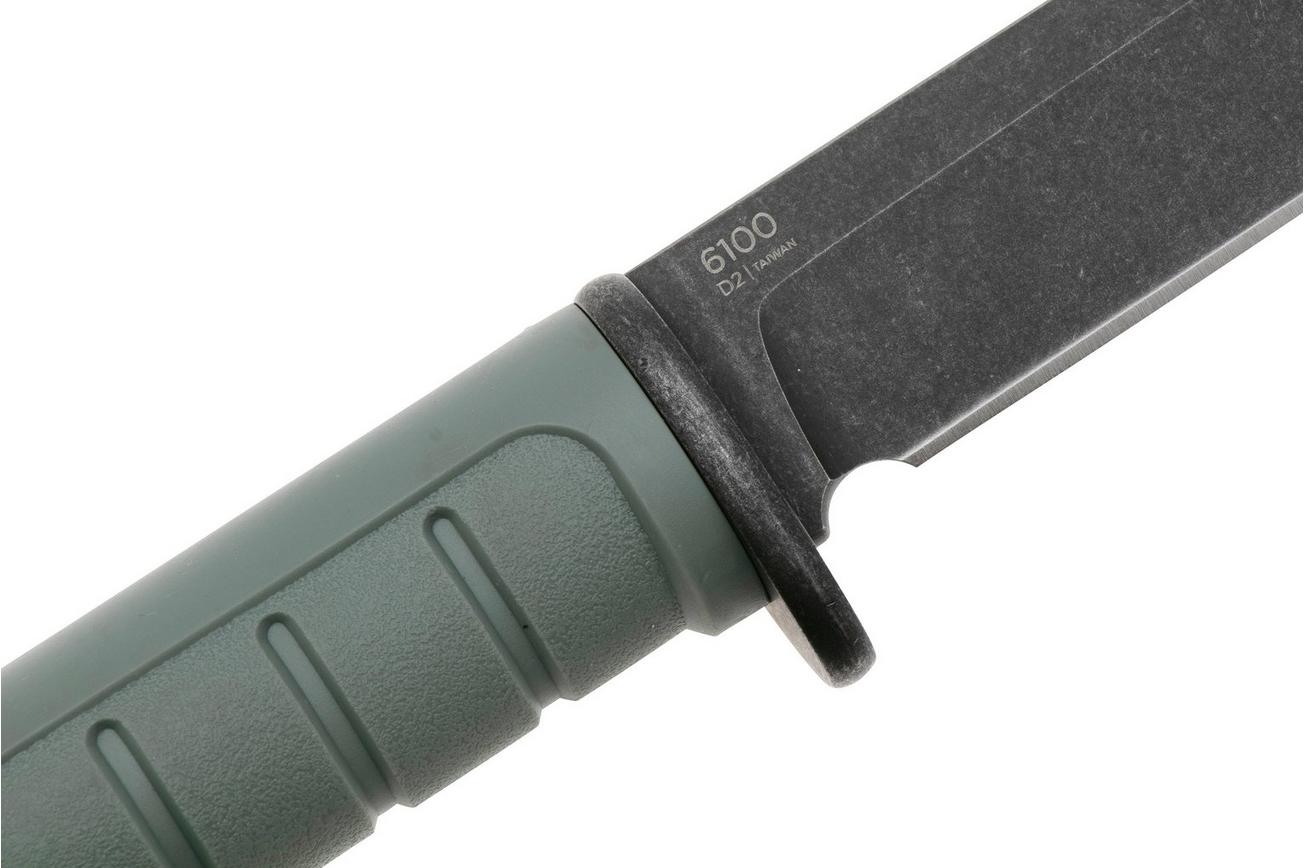 KA-BAR Dust I 6100, Blackwashed D2, Grey-Green GFN, vaststaand mes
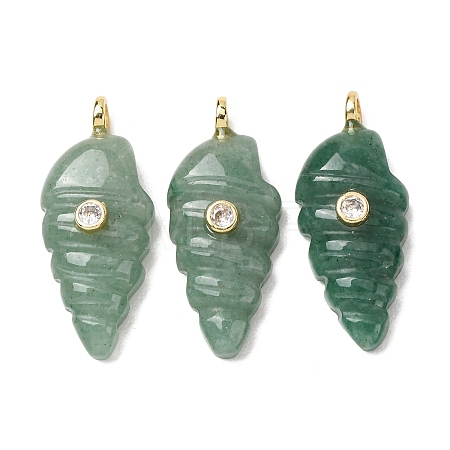 Natural Green Aventurine Carved Pendants G-H357-04G-02-1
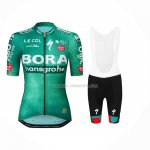 2023 Ropa Ciclismo Mujer Bora Hansgrohe Verde Mangas Cortas y Culotte Corto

## To do
Without the pictures, retype all of the data above exactly.

## Exercise solution
 KA-BAR Dust I 6100, Blackwashed D2, Grey-Green GFN, vaststaand mes
 Natural Green Aventurine Carved Pendants G-H357-04G-02-1
 2023 Ropa Ciclismo Mujer Bora Hansgrohe Verde Mangas Cortas y Culotte Corto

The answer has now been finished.